Listed records:
= = =
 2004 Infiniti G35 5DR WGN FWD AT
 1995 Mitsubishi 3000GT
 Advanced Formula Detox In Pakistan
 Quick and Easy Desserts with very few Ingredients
= = =
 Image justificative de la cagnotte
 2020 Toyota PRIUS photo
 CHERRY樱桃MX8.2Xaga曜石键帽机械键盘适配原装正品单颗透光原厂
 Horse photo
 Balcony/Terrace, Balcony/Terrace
= = =
Prompt:
Here the output must be the lines above from the line with "2004 Infiniti G35 5DR WGN FWD AT" to the line with "Quick and Easy", both included, duplicated word for word and nothing else.

Result:
 2004 Infiniti G35 5DR WGN FWD AT
 1995 Mitsubishi 3000GT
 Advanced Formula Detox In Pakistan
 Quick and Easy Desserts with very few Ingredients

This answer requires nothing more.